Available records START
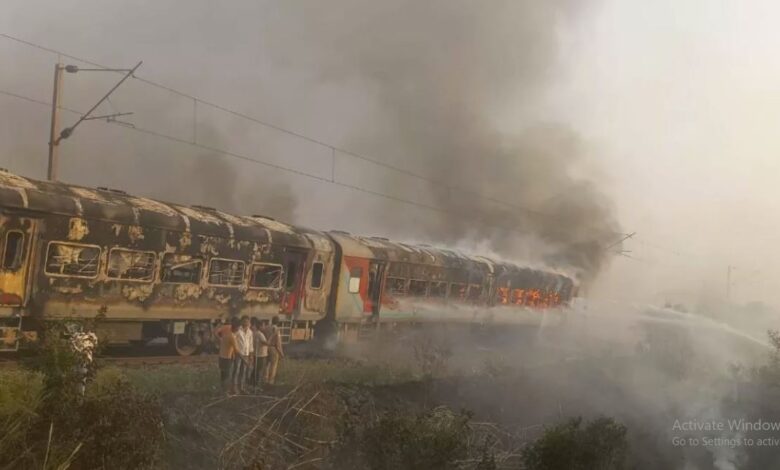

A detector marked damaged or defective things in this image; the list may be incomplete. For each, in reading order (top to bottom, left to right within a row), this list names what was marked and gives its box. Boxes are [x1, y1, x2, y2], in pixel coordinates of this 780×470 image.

broken train window [45, 242, 101, 280]
broken train window [106, 248, 155, 280]
rusted coach side [0, 170, 334, 352]
broken train window [161, 253, 203, 282]
broken train window [207, 258, 247, 286]
broken train window [250, 262, 284, 288]
charred train coach [0, 171, 576, 354]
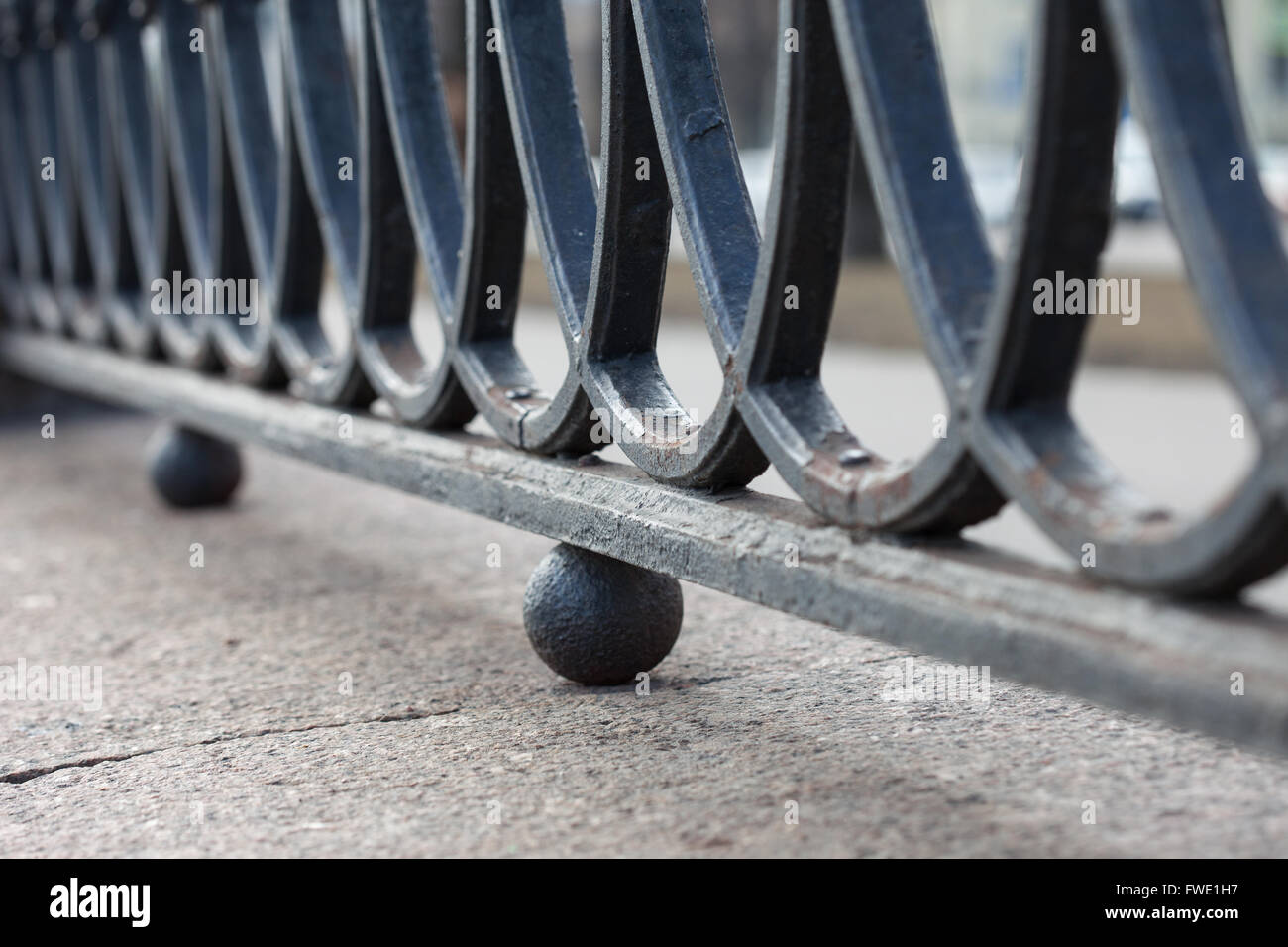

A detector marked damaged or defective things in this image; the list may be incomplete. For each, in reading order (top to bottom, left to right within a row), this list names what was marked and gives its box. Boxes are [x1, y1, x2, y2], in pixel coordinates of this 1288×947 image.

crack in pavement [0, 710, 463, 783]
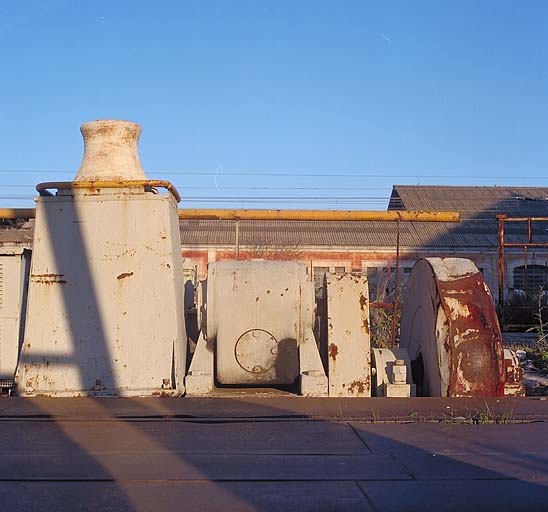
Available records END
[Problem to work on]: When you reach the line containing "this 1288×947 image." in the records above, write out that line and every line after it through the end, exactly, but omit the pictures.

[Finished exercise]:
A detector marked damaged or defective things in this image; the list may be incomplete. For each, in reading order (top to bottom, left to right within a row), this list names what was marked and gives its box. Boxes are [x1, y1, x2, y2], in pixel coordinates of this 1288×947 image.

crack in pavement [0, 710, 463, 783]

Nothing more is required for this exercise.